Various interest groups, some supported by government grants, have combined to maintain and expand addiction treatment programs. The following groups "sponsored" the 1975 National Drug Abuse Conference in New York City. They contributed substantial sums of money toward staging this annual gala event of the addiction treatment community:

1. National Institute on Drug Abuse (NIDA)
2. National Institute on Alcohol Abuse and Alcoholism (NIAAA)
3. The Drug Abuse Council, Inc.
4. The International Council on Alcohol and Addiction
5. The National Council on Alcoholism
6. Therapeutic Communities of America, Inc.
7. North American Association of Therapeutic Communities, Inc.
8. The Greater New York Coalition on Drug Abuse
9. P.A.C.T. (Provide Addicts Care Today)
10. The National Free Clinic Council, Inc.
11. The National Federation of Concerned Drug Abuse Workers
12. The National Association for the Prevention of Addiction to Narcotics
13. The National Association of State Drug Abuse Program Coordinators
14. The National Association of County Drug Abuse Coordinators
15. The National Coordinating Council on Drug Education
16. The National Addiction Services Guild

Nineteen similar groups sponsored the later 1977 National Drug Abuse Conference in San Francisco. On the surface, at least, these groups seem to hold widely divergent treatment viewpoints and ideologies. The effort to separate medicine from politics in this area, and the rivalries and jealousies among drug abuseologists have complicated the addiction issue. The treatment field is filled with zealots, each convinced he has the best, perhaps the only, program capable of reaching addicts. Their advocacy of one final "solution" or another to the heroin problem is suffused with emotion that turns differences of opinion into heated conflicts. Many such organizations, with great sincerity, extol detoxification and abstinence. Others, with equal fervor, trumpet the substitution of methadone or Darvon-N for heroin. Some say residential treatment is the only way to keep addicts "clean." Still others recommend narcotic antagonists, Jesus, hypnosis, transcendental meditation, psychotherapy, biofeedback, acupuncture, electrosleep, aversive conditioning, nutritional therapy, or chanting to various mantras. It almost seems appropriate to turn to drugs to escape the clamorings and confusion that permeate the quest for the addiction treatment dollar. And here all these groups coalesce: Addicts are diseased and need the kind of treatment only these organizations presumably have the expertise to provide. To provide this "therapy," all they need is more and more taxpayers' money.

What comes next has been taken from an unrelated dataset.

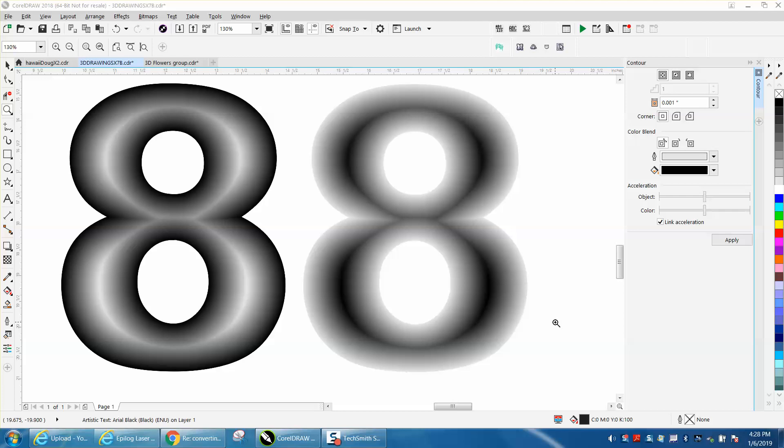Hi, it's me again with CorelDraw Tips and Tricks. Somebody sent me a message on Facebook wanting to know how to 3D engrave different letters. I picked eight.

Increased pressure in addiction treatment programs and government funding agencies to drive out experientially trained paraprofessionals, mainly ex-addicts, to make room for degreed professionals has led to the unionization of drug treatment workers. The National Federation of Concerned Drug Abuse Workers is composed mainly of ex-addict East Coast black and Puerto Rican counselors. Their union, they say, is a response to increasing professionalization of the treatment field. They feel that although they have a "Ph.D in streets," they are being squeezed out, and that services in the future will be provided by drug abuse "experts" with degrees, but without know-how. "Credentialing" of treatment program staff workers by governments is their main concern. The union members want their experience as addicts counted when licenses to treat addicts are given. Whether or not those with raw experience will be successful is still questionable. If they are not, most of them will be out of jobs with little prospect for other work.


An important vehicle for delivery of addiction treatment services has been the private, nonprofit corporation set up to receive government treatment grants and fee-for-service contracts. Over half the treatment programs nationwide are nonprofit, and their road to funding is paved with "RFPs" (Requests for Proposals) from all levels of government. Marketing ability, not service delivery or evaluation skills, may account for a contract award in the requestfor-proposal process.28 Recently, the principal in one of the nation's largest consulting firms in the substance abuse area told me the grant award process was "90 percent politics." This service-delivery and evaluation research community consists of RFP readers, bidders and winners.

The nonprofit groups have flourished in addiction treatment for three major reasons. First, relative to government agencies themselves, these groups provided a vehicle for rapid and relatively inexpensive expansion of addiction treatment services and mobilization of resources during the Nixon war on heroin. Few of them are burdened either financially or operationally with the elaborate bureaucracies associated with government agencies. Their argument to funding sources is that they can do the treatment and rehabilitation job better, cheaper and faster than government itself. Second, extant nonprofit treatment providers had a natural involvement in their surrounding communities. New ones were often implemented with substantial input from local elites as well as "community advocates" on their boards of directors. Although addiction treatment programs are difficult to locate in communities because citizens fear addicts, the nonprofits were not viewed as invading foreigners (as government agencies so often are) imposing their will without community support and input. Third, in a capitalist society nonprofit corporations are surrounded by halos of probity. They are not burdened with the tarnished image of profit-making companies out to rip off governments and consumers nor do they resemble government programs wasting the taxpayers' money on "moon-shot" approaches that do not work.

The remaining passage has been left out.